EXCERPTED RECORDS below:

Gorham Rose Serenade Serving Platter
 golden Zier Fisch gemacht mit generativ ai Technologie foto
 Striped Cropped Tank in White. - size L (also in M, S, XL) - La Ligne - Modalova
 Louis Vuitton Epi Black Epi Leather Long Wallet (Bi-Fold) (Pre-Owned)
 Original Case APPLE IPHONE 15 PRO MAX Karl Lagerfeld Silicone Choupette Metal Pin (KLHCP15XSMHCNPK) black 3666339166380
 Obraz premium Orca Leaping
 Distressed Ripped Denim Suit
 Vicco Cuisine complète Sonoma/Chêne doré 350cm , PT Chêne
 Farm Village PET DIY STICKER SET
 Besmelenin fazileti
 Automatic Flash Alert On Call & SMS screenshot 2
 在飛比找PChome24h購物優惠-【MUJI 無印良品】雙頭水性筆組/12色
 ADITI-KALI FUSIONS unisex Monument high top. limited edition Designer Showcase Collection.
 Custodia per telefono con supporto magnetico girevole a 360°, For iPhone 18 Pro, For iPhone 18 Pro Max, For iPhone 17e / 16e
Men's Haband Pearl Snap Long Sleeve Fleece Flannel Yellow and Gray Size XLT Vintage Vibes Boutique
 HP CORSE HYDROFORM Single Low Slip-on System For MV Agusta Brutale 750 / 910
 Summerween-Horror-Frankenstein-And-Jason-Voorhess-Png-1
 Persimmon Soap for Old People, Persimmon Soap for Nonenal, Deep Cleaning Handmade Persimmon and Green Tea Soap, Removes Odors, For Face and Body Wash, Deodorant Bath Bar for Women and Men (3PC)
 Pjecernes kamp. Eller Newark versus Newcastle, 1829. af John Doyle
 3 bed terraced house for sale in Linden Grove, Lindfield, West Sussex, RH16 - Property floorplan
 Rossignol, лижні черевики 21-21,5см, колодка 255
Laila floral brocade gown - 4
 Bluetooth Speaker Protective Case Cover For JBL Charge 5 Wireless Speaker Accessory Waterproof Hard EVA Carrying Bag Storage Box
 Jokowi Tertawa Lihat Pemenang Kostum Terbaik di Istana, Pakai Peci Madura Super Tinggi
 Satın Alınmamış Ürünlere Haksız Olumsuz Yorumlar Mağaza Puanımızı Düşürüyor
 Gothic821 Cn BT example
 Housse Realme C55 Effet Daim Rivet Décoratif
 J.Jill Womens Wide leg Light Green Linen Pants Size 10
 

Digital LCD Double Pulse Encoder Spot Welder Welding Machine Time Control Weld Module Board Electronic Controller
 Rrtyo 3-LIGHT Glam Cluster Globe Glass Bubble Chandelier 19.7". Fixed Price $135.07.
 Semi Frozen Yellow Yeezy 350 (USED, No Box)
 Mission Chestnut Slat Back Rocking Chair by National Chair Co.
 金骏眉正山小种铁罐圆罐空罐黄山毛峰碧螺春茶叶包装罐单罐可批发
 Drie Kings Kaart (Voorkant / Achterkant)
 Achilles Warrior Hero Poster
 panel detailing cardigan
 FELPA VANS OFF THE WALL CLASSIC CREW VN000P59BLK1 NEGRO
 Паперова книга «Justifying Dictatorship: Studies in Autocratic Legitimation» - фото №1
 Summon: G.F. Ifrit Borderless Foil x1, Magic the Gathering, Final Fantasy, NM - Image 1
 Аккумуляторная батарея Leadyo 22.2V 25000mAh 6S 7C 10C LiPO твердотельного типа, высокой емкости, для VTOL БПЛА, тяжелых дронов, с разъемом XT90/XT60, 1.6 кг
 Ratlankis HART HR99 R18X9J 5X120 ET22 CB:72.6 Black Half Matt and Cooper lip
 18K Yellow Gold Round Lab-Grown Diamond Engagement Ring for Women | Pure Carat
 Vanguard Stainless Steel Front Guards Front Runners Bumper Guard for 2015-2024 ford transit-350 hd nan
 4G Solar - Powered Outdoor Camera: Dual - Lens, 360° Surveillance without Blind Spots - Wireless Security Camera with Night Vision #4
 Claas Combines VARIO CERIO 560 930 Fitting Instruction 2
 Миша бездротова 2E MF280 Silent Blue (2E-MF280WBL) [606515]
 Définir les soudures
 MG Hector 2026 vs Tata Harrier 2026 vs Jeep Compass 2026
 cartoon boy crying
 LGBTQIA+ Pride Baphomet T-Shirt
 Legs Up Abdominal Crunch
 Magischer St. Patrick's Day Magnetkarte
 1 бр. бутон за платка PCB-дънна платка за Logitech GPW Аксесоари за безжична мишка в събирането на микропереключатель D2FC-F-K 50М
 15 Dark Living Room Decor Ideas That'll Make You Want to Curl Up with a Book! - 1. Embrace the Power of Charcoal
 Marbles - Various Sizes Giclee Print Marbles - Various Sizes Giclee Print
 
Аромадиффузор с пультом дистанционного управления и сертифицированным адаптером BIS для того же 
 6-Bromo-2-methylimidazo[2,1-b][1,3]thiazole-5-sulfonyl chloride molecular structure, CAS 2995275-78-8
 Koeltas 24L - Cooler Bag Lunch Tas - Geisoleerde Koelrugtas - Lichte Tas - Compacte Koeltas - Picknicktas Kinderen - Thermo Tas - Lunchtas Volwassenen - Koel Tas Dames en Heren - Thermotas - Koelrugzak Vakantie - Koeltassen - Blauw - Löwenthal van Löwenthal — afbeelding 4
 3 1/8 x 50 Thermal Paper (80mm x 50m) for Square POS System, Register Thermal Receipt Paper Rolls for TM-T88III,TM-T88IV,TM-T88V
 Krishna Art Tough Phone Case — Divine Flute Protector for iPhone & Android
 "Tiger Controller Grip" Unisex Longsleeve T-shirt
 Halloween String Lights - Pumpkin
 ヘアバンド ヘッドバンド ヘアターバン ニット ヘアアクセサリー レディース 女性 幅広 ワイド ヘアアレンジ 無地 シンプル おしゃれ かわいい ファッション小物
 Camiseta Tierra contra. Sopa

End of EXCERPTED RECORDS.

[THE PROBLEM] In the data, find how many lines hold the string "Wireless", and answer with the number only.

[SOLUTION] 2